Turtles are on the move
It is about this time of year that oblong turtles, Chelodina oblonga, start to be seen on land. There is nothing wrong with this, they do it every year. The females will be out looking for a nesting site in which to lay their eggs. And last year’s eggs will be hatching and the young will be making their way back to the water.
In most instances they don’t need our help. They just want to be left alone.
However, there are instances when they do need a bit of help. If a turtle is on the road and at risk of being run over you should help them off. They only need to be moved to the verge on the side of the road. You don’t need to carry them to the nearest water. And always take them in the direction they were headed, even if there is no water that way. If you take them back to where they came from they’ll just get back on the road again.

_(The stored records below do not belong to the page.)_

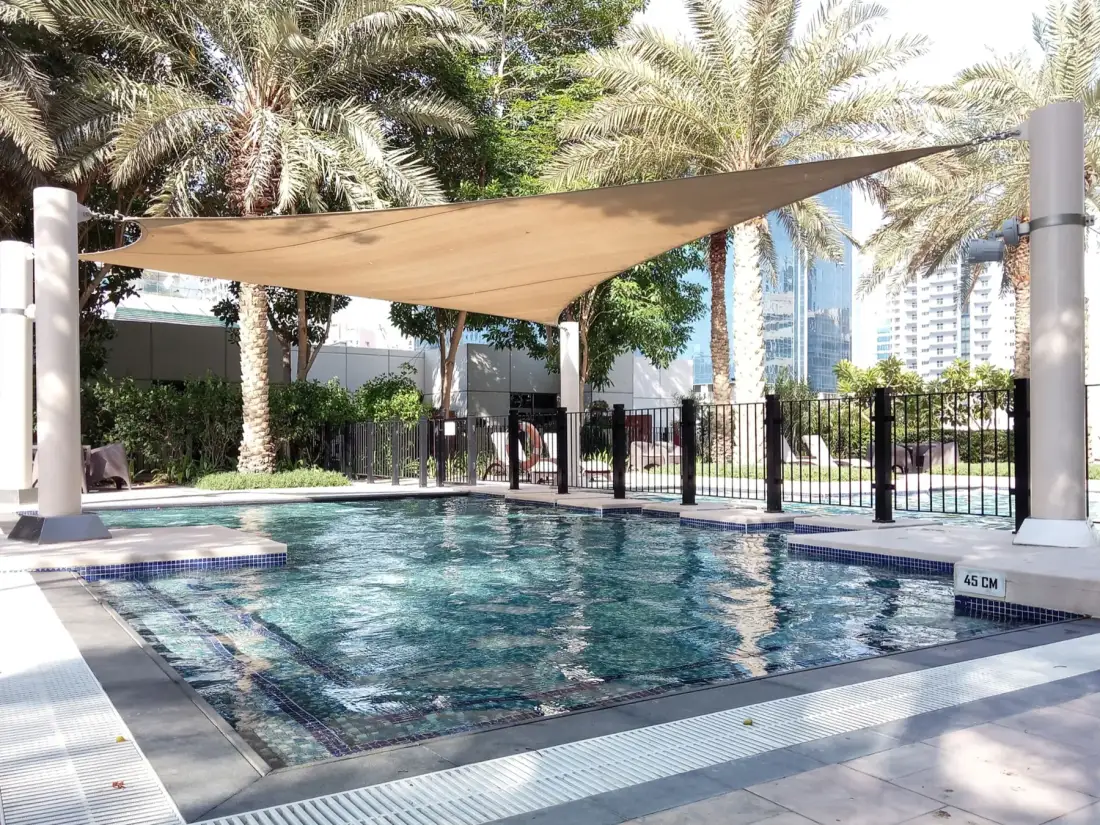Una piscina al aire libre está bajo una lona de sombra, con palmeras cerca.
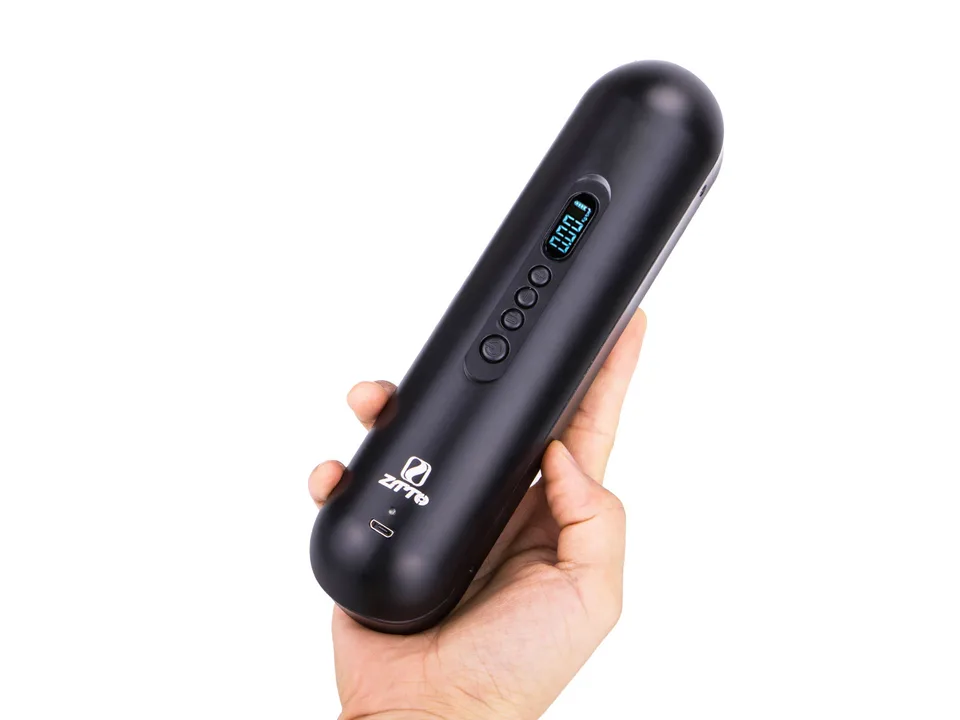 A hand holding the black portable electric air pump to show its compact size.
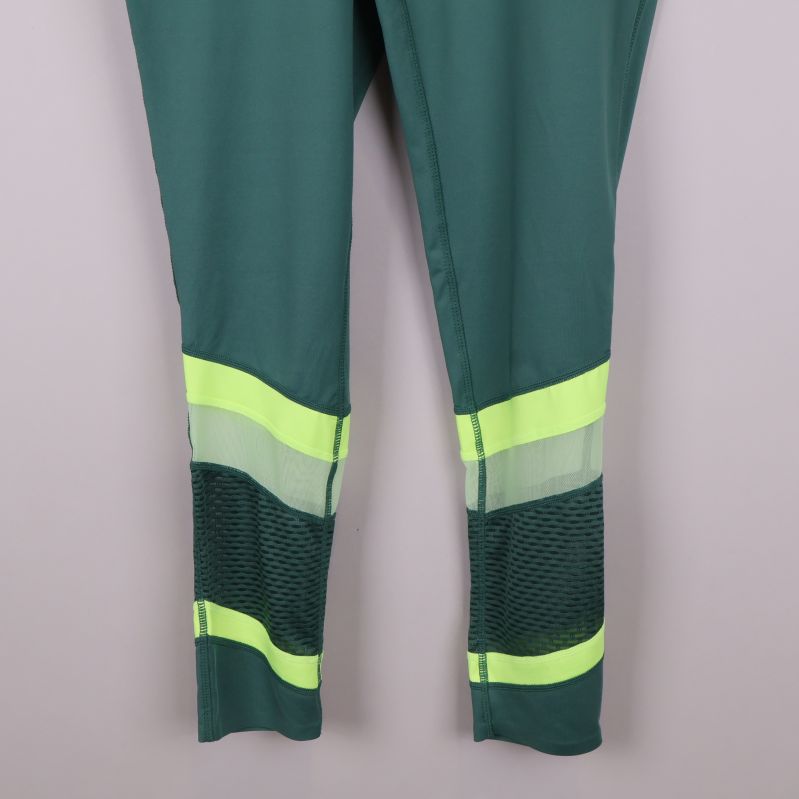 Närbild på neon- och meshdetaljer på benen på tightsen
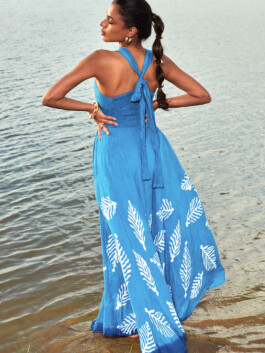 Shweta Poothery wearing a blue halter dress with white patterns by Elisamama, standing near the water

If you notice that turtles are having trouble negotiating roadside kerbing at the same spot on a regular basis, speak to your local council and ask them to modify the kerbing to make it more turtle friendly. Ask them to replace short pieces of kerbing with a kerb of a lower profile that allows the turtles an easy escape route from the road. It worked for us.
Another time to help is if you see a baby turtle that is struggling to get through long vegetation, around an object or over a kerb. This time you can take them to the nearest water but don’t put them in the water, let them go near the edge and near some vegetation in which they can hide. Having just hatched, they don’t want to be thrown in at the deep end. They want somewhere to hide and rest before they take the plunge in their own time.
If you find an injured turtle you should take them to the nearest veterinarian or to Native ARC. They will be able to offer the best treatment and care for the turtle. But make sure the turtle is actually injured before you interfere. The stress of being taken into captivity can kill the turtles. And females that were out looking for nest sites may become egg-bound and die if they are unable to find a suitable nesting area in time.
The best thing to do if you see a turtle is to watch it from a distance. If you don’t get too close, the turtle won’t get scared, and you’ll be able to watch it carry out its normal behaviour.